(Material to process)
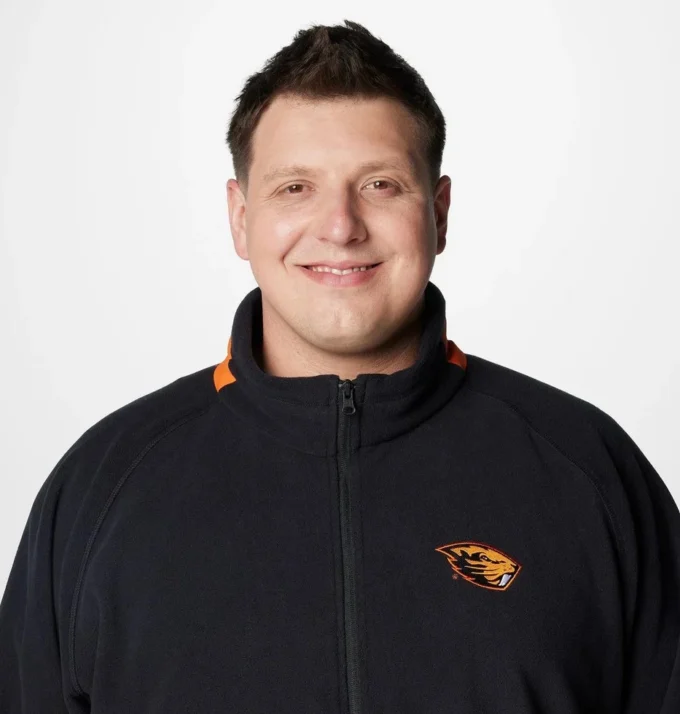 Herren Collegiate Flanker™ IV Fleecejacke – Big – Oregon State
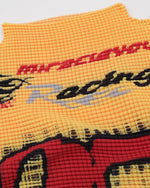 レトロなホットガールの半袖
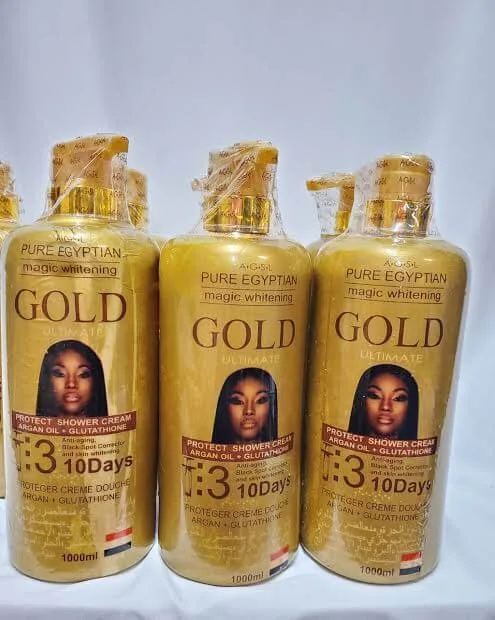Pure Egyptian magic gold shower gel 1000ml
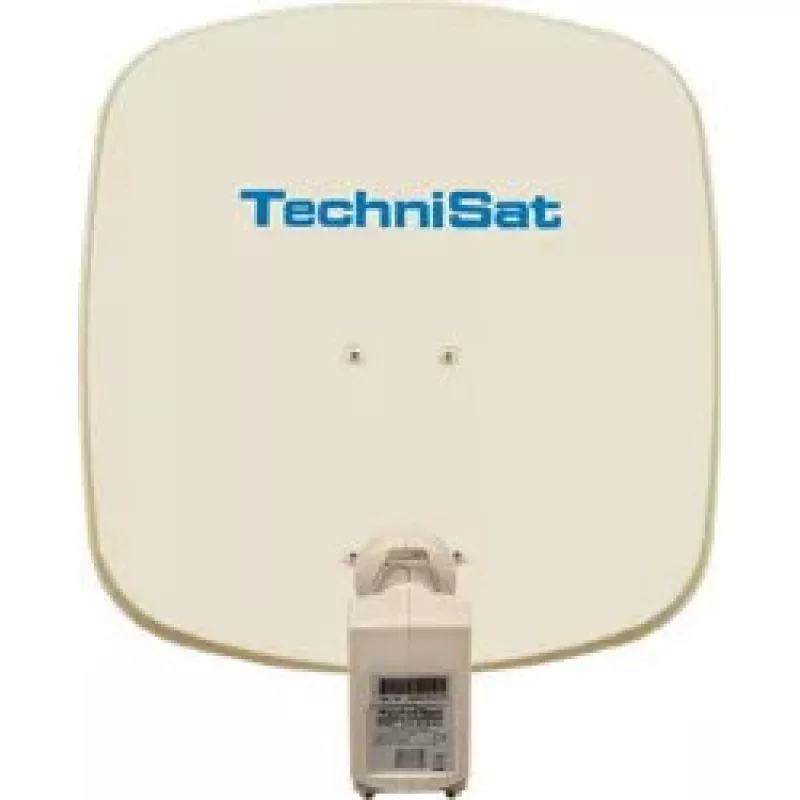 Palydovinė antena TechniSat Digidish 45 Twin smėlio spalvos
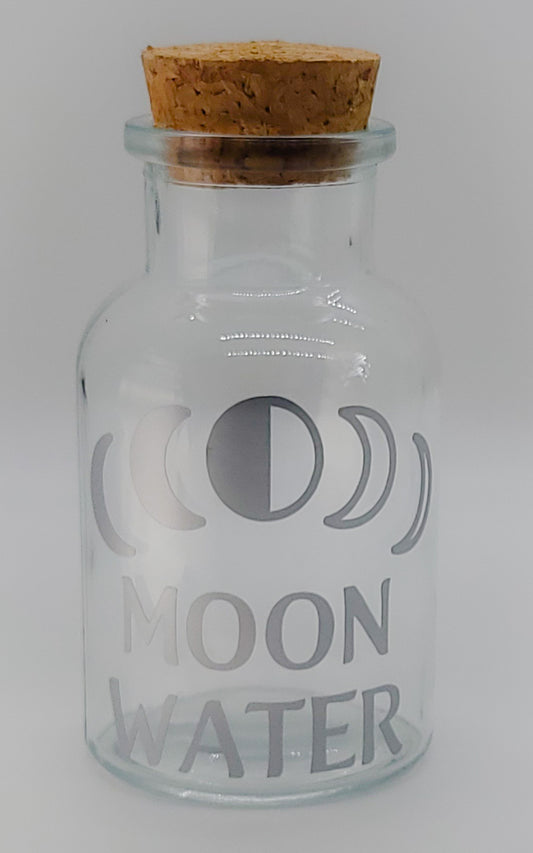 Moon Water Jar - Moon Phases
(End Material to process)
=== Work instructions ===
Reproduce word for word the lines running from the line with "レトロなホットガールの半袖" through the end of the data, both included, and nothing else; leave out the pictures.

=== Response ===
 レトロなホットガールの半袖
Pure Egyptian magic gold shower gel 1000ml
 Palydovinė antena TechniSat Digidish 45 Twin smėlio spalvos
 Moon Water Jar - Moon Phases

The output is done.